• _Record set_
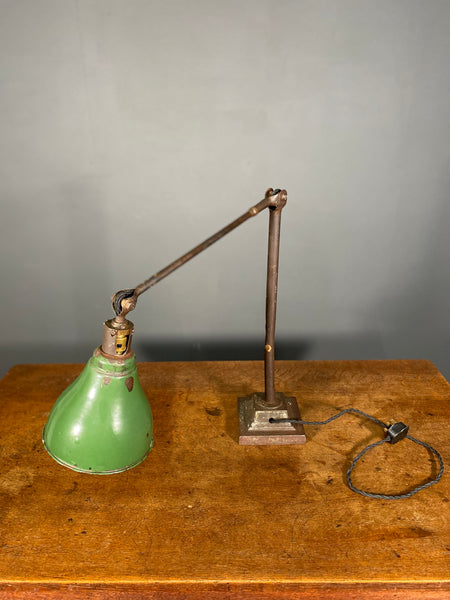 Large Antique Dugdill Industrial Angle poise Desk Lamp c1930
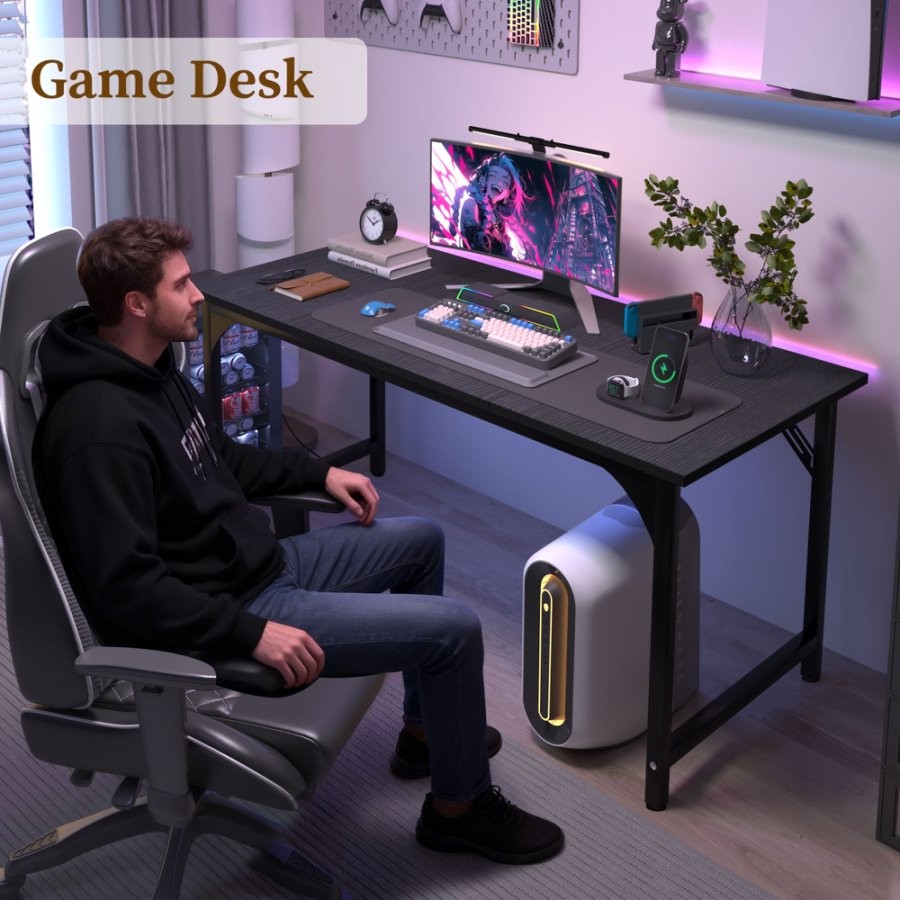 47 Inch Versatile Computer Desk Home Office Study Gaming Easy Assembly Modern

==

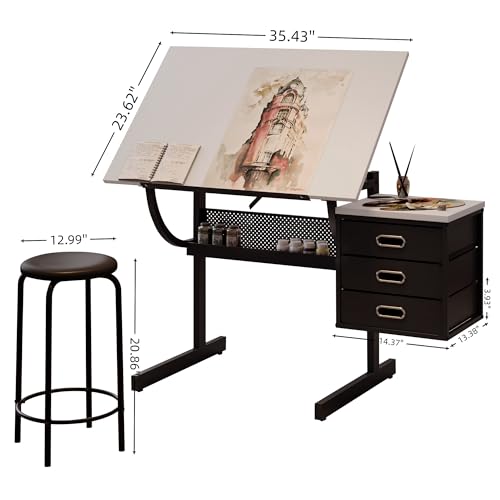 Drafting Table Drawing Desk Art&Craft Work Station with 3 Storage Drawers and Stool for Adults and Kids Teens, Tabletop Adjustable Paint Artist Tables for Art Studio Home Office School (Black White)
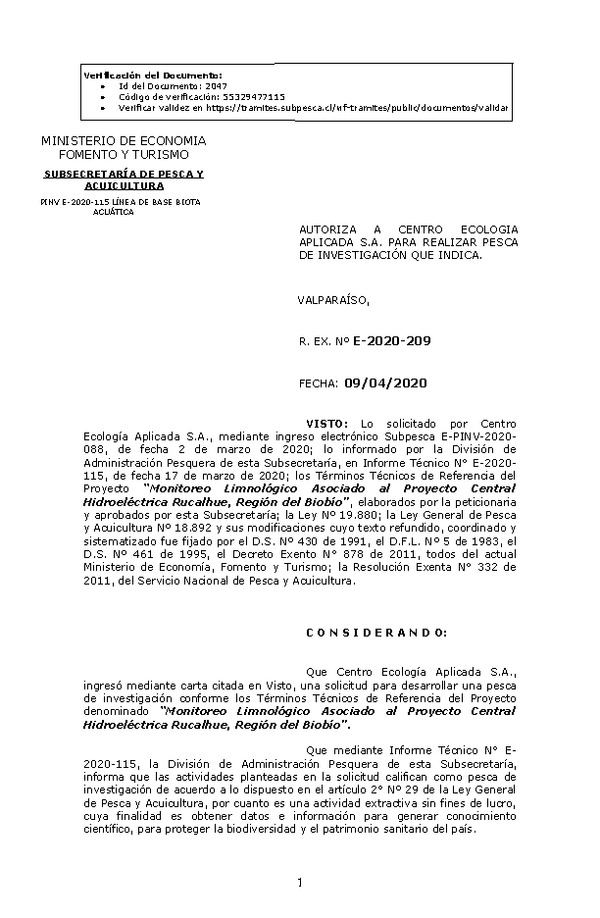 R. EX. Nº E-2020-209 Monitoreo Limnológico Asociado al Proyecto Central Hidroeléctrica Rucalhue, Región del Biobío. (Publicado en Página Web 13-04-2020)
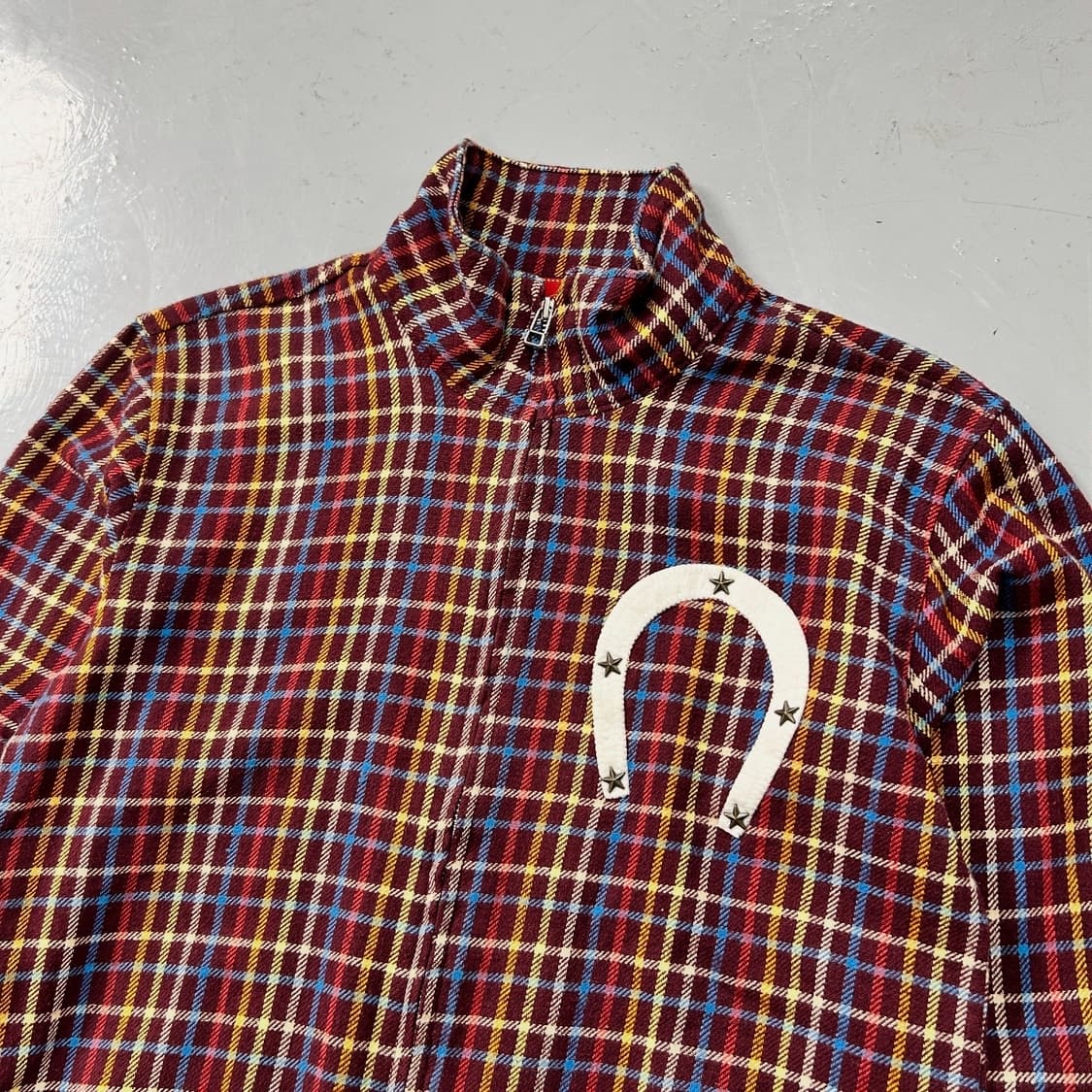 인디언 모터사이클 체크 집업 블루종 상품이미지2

* * *

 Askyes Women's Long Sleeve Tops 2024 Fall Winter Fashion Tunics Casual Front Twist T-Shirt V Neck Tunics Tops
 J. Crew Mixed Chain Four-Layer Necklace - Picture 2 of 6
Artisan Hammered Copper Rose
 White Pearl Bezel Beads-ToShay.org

• _What is being asked_
Copy out only the lines above from the one with "J. Crew Mixed" to the one with "White Pearl Bezel Beads-ToShay.org", inclusive, exactly as they stand.

• _Answer box_
 J. Crew Mixed Chain Four-Layer Necklace - Picture 2 of 6
Artisan Hammered Copper Rose
 White Pearl Bezel Beads-ToShay.org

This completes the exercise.